Der auf dem Boden ausgestreckte Gallier (Abb. 01) ist tödlich getroffen: In seinem Brustkorb klafft eine blutenden Wunde, die ihn hat niedersinken lassen; das ausgestreckte linke Bein läßt noch den eben erfolgten Sturz vermuten. Das rechte Bein winkelt der Gallier dagegen stark an, möglicherweise um eine stabilere, sicher auch schmerzfreiere Position einzunehmen. Der rechte Arm kann den Oberkörper eigentlich nicht mehr stützen, denn die Hand liegt – wenn man den Arm richtig ergänzt – zu nah am Körper und der Ellbogen knickt nach hinten weg. Der Kopf hängt nicht leblos wie bei der toten Gefährtin in der ‚Galliergruppe Ludovisi‘ vornüber, sondern ist gesenkt. Diese Haltung drückt einerseits die physische Niederlage, andererseits auch die psychische Vernichtung des Galliers aus, seine Selbstaufgabe vor dem Gegner und dem nahenden Tod.Sein Gesichtsausdruck zeugt von Anstrengung: Er legt die Stirn in Falten und zieht die Augenbrauen etwas zusammen. Eine solche Mimik ergibt sich, wenn man in einer Bewegung innehält, weil sie schmerzt. Insgesamt herrscht der Eindruck gespannter Ruhe im Gesicht des Sterbenden (Abb. 02) .

Die Aussichtslosigkeit der Situation wird auch durch den unter ihm liegenden Schild deutlich. Sein Schild dient ihm nicht mehr als Schutzwaffe, sondern als Sterbelager. Ebenso nutzlos liegt zwischen seinen Beinen das Horn (cornu), das Schlachteninstrument der Gallier, dessen ohrenbetäubender Lärm sonst jeden Feind verschreckte. So stirbt er still und in sich gekehrt (Abb. 01) .
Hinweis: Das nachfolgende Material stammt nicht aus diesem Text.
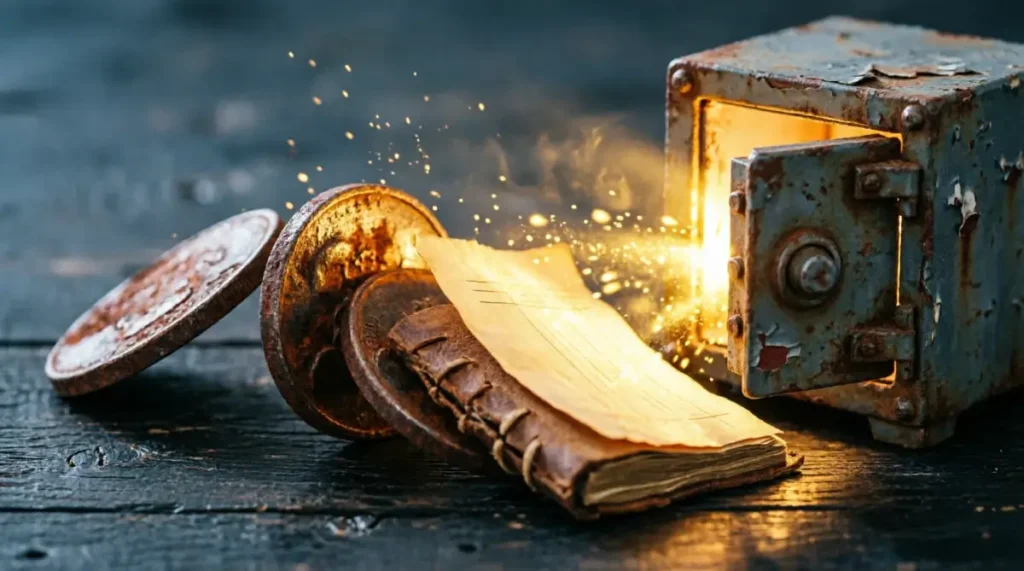 Rusty iron vault with open door, iron coins, leather ledger, golden light radiating (AI-generated illustration)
Ist der ‚Sterbende Gallier‘ in dem Moment festgehalten, bevor er seiner Verletzung erliegen wird, so zeigt die ‚Galliergruppe Ludovisi‘ eine andere Situation von Sterben und Tod: Der in weitem Ausfallschritt stehende Mann hält im linken Arm seine tote Gefährtin. Wahrscheinlich ist sie durch sein Schwert gestorben, das er sich nun selbst in einer ausgreifenden Armbewegung von oben in die Senke oberhalb des Schlüsselbeines rammt. Seinen Körper durchzieht eine große Bewegungslinie vom rechten Fuß über die Flanke zum Kopf. Gegen diese Drehung reißt er nur den Kopf nach rechts, den Blick nach oben gerichtet, als stürme er gegen etwas an. Die Heftigkeit seiner Bewegung und die Dramatik des Moments, in dem er verharrt, wird durch den nach hinten wehenden Mantel (sagum) unterstrichen (Die trompetenförmigen Falten sind allerdings rekonstruiert). Mit der Kopfbewegung legt er die Stelle in der linken Halsgrube für den sicher tödlichen Stoß frei. Dort sticht die Schwertspitze schon ins Fleisch, Blut tritt aus, da er die Schlagader über dem Schlüsselbein durchtrennen und sofort ohnmächtig werden wird (Abb. 03) .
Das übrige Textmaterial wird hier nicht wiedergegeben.